«FAO ANIMAL PRODUCTION AND HEALTH paper ADDING VALUE TO LIVESTOCK DIVERSITY Marketing to promote local breeds and improve livelihoods Cover ...»
Transport and communication One reason livestock raisers have difficulty in marketing their products is because of where they live: scattered in sparsely populated, remote areas with poor infrastructure. Transport and communication were thus key elements in most of the cases.
Arranging transport from the producer to the processing centre or point of sale was vital for live animals or meat and milk, both of which are highly perishable. Umzimvubu Goats, the Tiviski dairy and the Somali milk traders arranged to collect the raw product from the livestock keepers, either using their own vehicles or by third parties. In Argentina, the infrastructure for transporting goats to the abattoir and meat to customers already existed, so no intervention was necessary. Wool and cashmere are not perishable, so transport from producer to processor was less important in these cases.
The problem of getting the processed product to the retailer or consumer also had to be addressed in several of the cases. Solutions included using their own transport (Tiviski has a fleet of vehicles to distribute its dairy products), using third-party transport companies (as in Somalia), or arranging shipments via export companies (India, Mongolia). At least two cases solved the problem by having buyers come to them: the Mercado de la Estepa caters to passing tourists, while in Kyrgyzstan, village organizations rely on visits by traders to buy their cashmere.
Adequate roads are vital for a functioning value chain. The milk marketing system in Somalia depended on a major infrastructure investment, the building of an asphalt road linking the source area with the market. The lack of roads in much of Mongolia, Mauritania and Somalia is a serious impediment to improving the value chain.
Long distances make good communications vital. Much of this communication occurs via established linkages, networks and cooperatives. Where such institutions exist and can be adapted for the new value chain, it is important to build on them rather than to try to create new linkages.
Where such linkages were lacking, the enterprises tried to create them, either by forming new organizations of producers and processors, or by creating strong ties between the producers and the central enterprise. Such attempts have been succeeded in some instances (Tiviski has links with each of its many milk suppliers), but have failed in others (witness the attempts in Mauritania and Mongolia to form producer groups). See the discussion below on institutions for more on this.
Two of the cases (India sheep and Mauritania camels) mention the increasing importance of mobile phones. Signal coverage is still sparse in many areas, especially in remote and mountainous areas, but mobile phones are a becoming a vital link between raw material producers and the enterprise they supply.
Adding value to livestock diversity The internet is important further down the chain. Email and websites link the enterprise with customers throughout the world: they enable enterprises to promote products, identify potential customers, negotiate deals, coordinate deliveries, and maintain trust.

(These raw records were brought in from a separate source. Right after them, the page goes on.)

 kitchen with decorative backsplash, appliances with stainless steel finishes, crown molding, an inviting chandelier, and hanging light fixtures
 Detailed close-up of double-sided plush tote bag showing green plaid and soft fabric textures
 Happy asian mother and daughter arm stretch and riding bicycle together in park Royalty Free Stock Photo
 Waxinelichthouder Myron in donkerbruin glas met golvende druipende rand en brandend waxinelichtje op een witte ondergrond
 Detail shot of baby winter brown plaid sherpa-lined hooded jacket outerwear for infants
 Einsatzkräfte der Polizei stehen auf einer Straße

Standards All the cases involved some kind of standards for product quality. In some cases this was imposed by outsiders. Cashmere, for example, is traded according to recognized standards on the world market: fibres of a certain diameter and length fetch a particular price. Wool is also traded according to particular grades: producers must comply with these if they hope to sell their product. Government food safety regulations, certificates such as Protected Designations of Origin, and supermarkets’ quality controls impose standards and rules that abattoirs must comply with.

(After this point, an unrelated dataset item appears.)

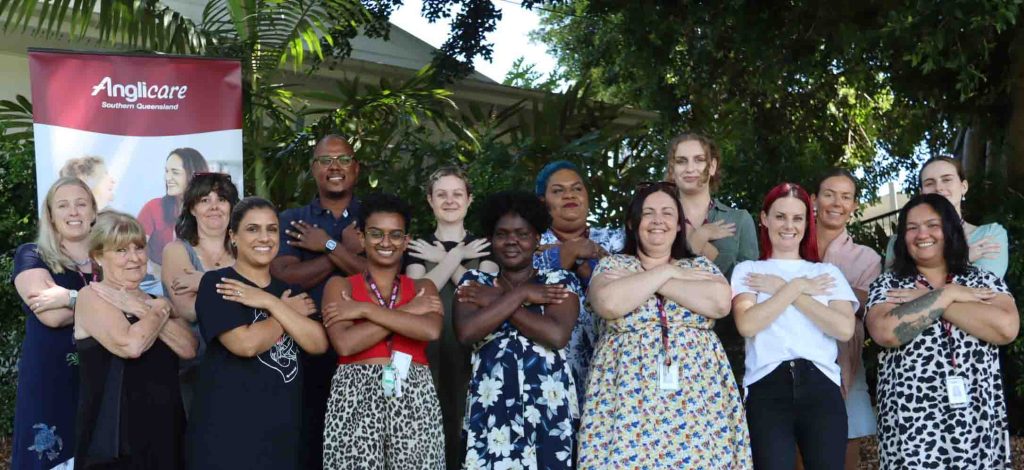 The Toowong Women’s Homelessness Service team in the Embrace Equity pose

In some other cases, the enterprises themselves imposed strict standards. In India, Shramik Kala set design criteria to guide the artisans who make the handicrafts and instituted controls to ensure they comply. The Tiviski dairy in Mauritania also emphasizes quality: it tests all incoming milk, ensures that its products are produced hygienically, and takes back unsold produce from retailers to ensure that customers do not purchase out-of-date inventory.
The Argentina sheep wool case does not mention quality standards. But two mechanisms may be at work here: the committees in the Mercado de la Estepa keep a careful eye on the products that members supply, and carefully vet and guide new members to make sure they conform to whatever guidelines exist. And individual members get paid only when the products they have made are sold. That encourages them to understand customer demands (which they can learn first-hand when they take turns to act as sales staff) and to produce items of a quality, and at a price, that the customers want.
Even in the Somalia case, where there is a weak government and no central organization to manage the value chain, a form of quality control has emerged. Milk that has gone sour because of the heat and bumpy roads fetches a lower price than fresh milk.
The long-distance relationships between market retailers and the primary and secondary traders transmit these price signals back up the chain: one can expect a retailer who gets sour milk from a wholesaler to complain loudly, and for that message to be passed back to the milk suppliers. That is why the drivers who transport the product from the interior drive so fast.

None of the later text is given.